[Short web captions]
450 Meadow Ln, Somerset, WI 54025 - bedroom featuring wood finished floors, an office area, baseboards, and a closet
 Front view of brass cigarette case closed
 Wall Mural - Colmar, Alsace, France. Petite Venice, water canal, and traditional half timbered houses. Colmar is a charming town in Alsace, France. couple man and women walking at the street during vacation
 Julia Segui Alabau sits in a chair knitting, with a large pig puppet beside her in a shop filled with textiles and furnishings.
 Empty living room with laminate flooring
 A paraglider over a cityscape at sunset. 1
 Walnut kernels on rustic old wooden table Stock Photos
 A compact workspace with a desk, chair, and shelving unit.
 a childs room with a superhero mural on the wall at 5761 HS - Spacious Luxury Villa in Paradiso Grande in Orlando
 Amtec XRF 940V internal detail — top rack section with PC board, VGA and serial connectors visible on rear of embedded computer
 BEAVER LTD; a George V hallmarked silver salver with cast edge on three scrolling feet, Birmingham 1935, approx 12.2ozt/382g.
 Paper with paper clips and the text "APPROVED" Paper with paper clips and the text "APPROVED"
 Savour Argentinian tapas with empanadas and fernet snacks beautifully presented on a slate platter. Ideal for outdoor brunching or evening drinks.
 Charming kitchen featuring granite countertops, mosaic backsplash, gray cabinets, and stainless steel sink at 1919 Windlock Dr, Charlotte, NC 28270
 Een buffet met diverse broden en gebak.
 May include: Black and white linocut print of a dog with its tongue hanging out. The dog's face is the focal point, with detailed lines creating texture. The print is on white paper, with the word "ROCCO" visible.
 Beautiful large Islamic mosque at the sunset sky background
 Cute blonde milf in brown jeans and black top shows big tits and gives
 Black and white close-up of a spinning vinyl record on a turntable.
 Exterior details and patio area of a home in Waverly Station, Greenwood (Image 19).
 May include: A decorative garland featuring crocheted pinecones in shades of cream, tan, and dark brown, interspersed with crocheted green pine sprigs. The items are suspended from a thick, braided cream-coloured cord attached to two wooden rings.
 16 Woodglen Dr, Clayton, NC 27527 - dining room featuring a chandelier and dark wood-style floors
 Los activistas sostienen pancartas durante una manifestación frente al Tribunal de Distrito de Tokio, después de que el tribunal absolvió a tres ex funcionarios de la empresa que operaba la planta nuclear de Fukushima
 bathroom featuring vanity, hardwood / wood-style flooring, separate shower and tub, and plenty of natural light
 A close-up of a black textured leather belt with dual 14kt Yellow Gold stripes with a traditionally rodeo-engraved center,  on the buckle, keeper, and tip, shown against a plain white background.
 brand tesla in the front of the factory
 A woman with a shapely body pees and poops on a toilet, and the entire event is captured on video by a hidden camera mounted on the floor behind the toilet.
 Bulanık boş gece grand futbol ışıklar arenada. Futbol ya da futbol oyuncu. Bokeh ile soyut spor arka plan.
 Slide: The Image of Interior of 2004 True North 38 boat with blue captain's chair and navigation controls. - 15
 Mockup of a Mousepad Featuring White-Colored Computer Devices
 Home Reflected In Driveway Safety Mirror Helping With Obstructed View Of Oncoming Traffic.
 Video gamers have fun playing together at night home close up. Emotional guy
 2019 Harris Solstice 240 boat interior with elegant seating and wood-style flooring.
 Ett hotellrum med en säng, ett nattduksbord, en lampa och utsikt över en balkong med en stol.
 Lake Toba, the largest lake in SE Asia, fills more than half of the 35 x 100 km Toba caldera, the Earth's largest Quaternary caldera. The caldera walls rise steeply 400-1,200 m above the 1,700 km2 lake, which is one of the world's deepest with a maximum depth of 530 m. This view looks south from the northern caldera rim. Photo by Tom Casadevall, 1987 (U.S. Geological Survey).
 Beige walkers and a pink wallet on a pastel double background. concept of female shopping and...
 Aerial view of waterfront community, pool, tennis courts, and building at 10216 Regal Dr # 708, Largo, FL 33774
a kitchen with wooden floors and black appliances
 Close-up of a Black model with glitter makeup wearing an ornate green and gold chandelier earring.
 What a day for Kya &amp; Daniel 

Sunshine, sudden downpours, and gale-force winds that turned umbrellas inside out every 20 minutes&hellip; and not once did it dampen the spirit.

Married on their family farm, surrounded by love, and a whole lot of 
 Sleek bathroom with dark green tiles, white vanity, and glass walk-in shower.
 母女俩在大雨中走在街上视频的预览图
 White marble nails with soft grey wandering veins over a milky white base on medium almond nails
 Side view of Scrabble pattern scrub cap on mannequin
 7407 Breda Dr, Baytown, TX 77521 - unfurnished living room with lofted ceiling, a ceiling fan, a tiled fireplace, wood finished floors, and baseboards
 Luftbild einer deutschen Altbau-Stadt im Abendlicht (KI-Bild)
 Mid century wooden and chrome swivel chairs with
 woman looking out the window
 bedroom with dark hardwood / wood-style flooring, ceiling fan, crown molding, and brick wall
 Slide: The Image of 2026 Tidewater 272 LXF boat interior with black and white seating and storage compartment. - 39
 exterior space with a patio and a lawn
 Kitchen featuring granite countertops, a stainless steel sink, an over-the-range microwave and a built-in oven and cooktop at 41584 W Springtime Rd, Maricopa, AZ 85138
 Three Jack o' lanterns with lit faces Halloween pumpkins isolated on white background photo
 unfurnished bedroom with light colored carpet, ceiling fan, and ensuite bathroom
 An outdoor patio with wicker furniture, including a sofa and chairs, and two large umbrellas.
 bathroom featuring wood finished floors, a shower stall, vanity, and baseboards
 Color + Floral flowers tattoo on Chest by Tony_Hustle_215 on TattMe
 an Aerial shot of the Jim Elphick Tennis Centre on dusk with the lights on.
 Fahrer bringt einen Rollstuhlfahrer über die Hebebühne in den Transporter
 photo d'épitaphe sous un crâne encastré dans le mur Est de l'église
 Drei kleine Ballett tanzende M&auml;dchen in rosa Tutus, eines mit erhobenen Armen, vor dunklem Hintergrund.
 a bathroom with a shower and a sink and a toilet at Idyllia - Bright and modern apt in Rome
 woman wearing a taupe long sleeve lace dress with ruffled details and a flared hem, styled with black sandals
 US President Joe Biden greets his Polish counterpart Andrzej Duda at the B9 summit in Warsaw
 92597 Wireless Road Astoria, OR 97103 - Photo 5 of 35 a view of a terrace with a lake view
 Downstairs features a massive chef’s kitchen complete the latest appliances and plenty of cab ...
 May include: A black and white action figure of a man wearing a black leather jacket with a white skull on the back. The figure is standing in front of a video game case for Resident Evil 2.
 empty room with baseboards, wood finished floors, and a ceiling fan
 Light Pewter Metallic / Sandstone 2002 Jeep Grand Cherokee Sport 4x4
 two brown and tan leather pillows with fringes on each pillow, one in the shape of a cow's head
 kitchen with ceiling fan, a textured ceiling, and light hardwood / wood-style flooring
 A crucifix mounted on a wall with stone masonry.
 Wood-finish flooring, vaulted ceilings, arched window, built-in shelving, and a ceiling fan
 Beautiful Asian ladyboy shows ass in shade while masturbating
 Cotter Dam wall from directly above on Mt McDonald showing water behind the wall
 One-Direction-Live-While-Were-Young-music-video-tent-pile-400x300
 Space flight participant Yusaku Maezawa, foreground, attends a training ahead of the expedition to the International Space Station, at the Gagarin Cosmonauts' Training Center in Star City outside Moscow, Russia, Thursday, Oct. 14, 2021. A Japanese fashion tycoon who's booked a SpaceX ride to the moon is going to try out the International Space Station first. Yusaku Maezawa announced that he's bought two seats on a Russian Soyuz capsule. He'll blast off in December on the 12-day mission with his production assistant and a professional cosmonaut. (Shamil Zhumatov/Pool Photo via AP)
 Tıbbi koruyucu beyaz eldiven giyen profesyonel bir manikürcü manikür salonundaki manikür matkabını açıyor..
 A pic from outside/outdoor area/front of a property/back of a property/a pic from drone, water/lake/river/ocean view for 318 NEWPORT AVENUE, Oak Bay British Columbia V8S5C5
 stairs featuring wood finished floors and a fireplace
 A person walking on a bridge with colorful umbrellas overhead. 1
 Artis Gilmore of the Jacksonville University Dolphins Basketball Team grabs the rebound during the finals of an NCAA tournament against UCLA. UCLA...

● **What is being asked**: If a line in the records includes the string "visible", copy it.

● **The completed task**:
 Amtec XRF 940V internal detail — top rack section with PC board, VGA and serial connectors visible on rear of embedded computer
 May include: Black and white linocut print of a dog with its tongue hanging out. The dog's face is the focal point, with detailed lines creating texture. The print is on white paper, with the word "ROCCO" visible.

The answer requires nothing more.